Description of the task ▸
Please print nothing but the lines from the one with "王者荣耀5月26日更新公告 2022.5.26更新活动详情介绍" to the last line of the records below, and omit pictures.

Extracted information section start

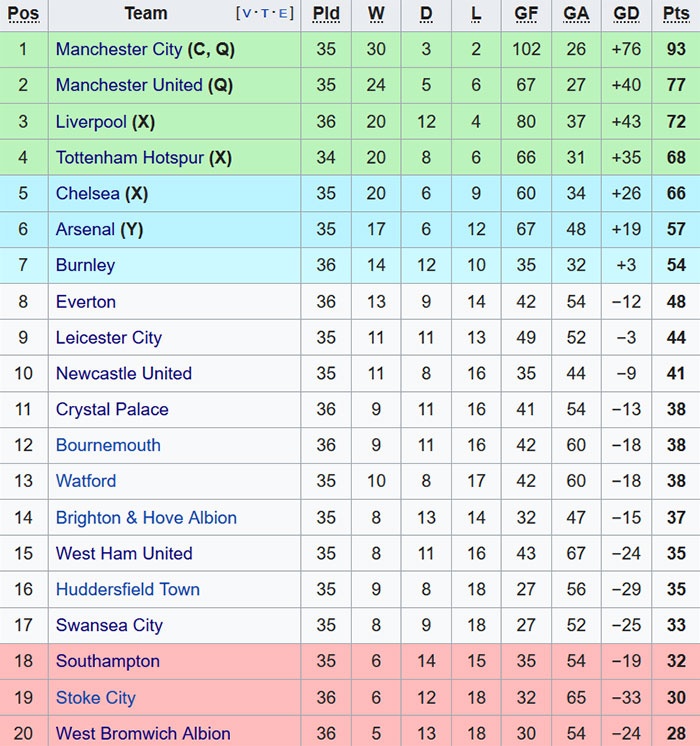 Tỏa sáng rực rỡ, Pogba gửi ‘chiến thư’ đến Liverpool và Chelsea ảnh 3 Toa sang ruc ro, Pogba gui ‘chien thu’ den Liverpool va Chelsea anh 3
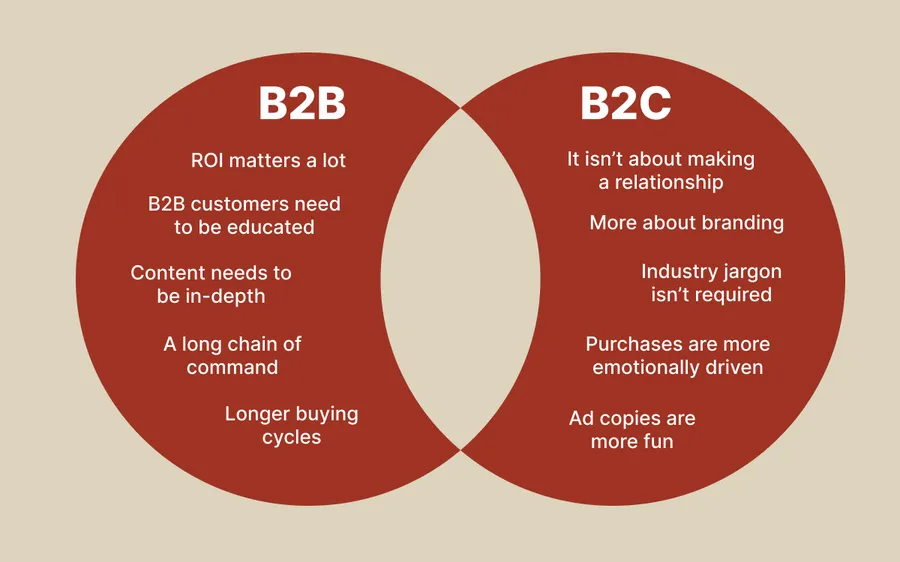 What Is B2B Business? (Simple Definition + Examples) 8 B2B vs B2C Comparison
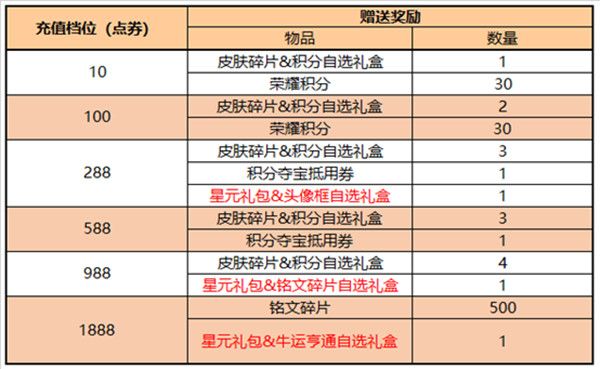 王者荣耀5月26日更新公告 2022.5.26更新活动详情介绍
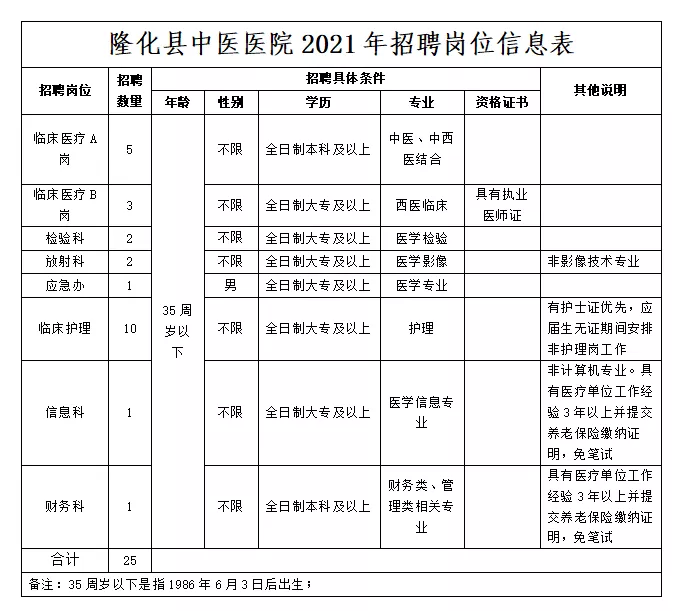 屏南县殡葬事业单位招聘信息与行业展望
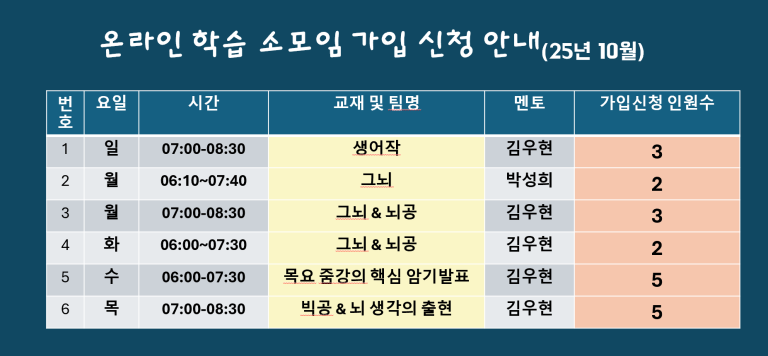 25년 하반기 온라인학습 소모임 가입 신청 안내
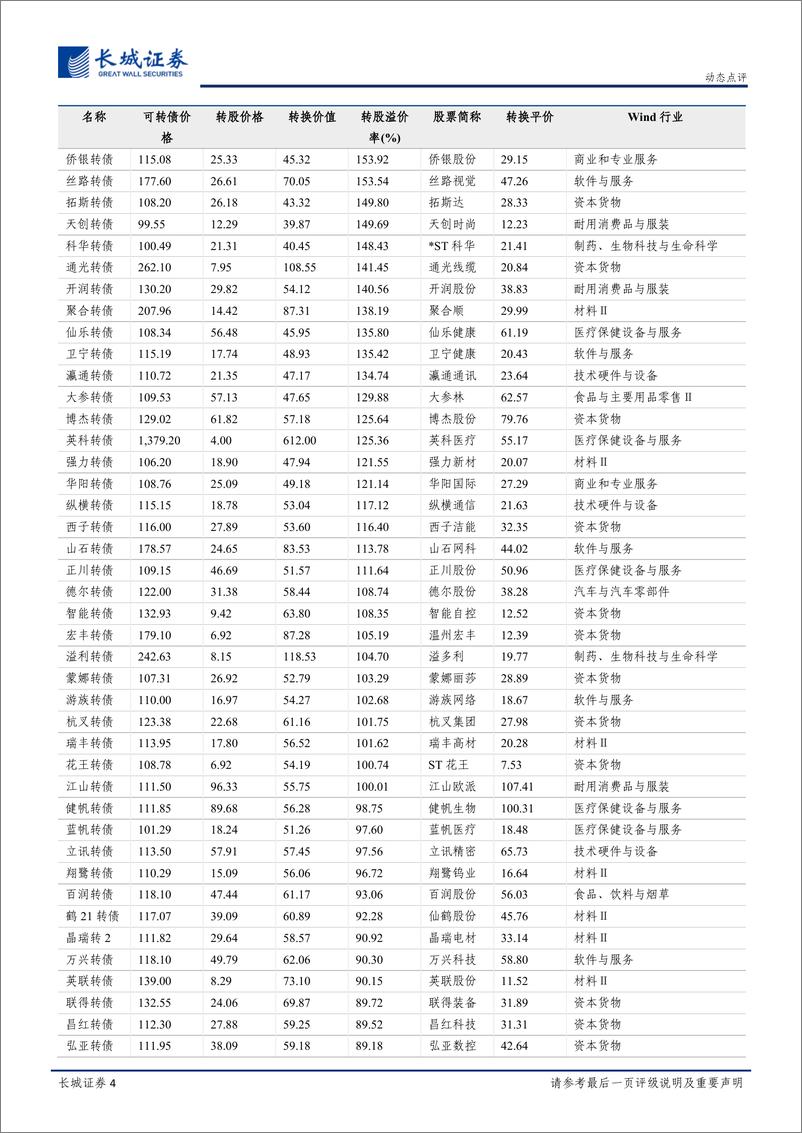 《固定收益研究动态点评：剑指炒作，新规对转债市场的三大影响-20220619-长城证券-24页》 - 第5页预览图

Extracted information section end

Solved problem ▸
 王者荣耀5月26日更新公告 2022.5.26更新活动详情介绍
 屏南县殡葬事业单位招聘信息与行业展望
 25년 하반기 온라인학습 소모임 가입 신청 안내
 《固定收益研究动态点评：剑指炒作，新规对转债市场的三大影响-20220619-长城证券-24页》 - 第5页预览图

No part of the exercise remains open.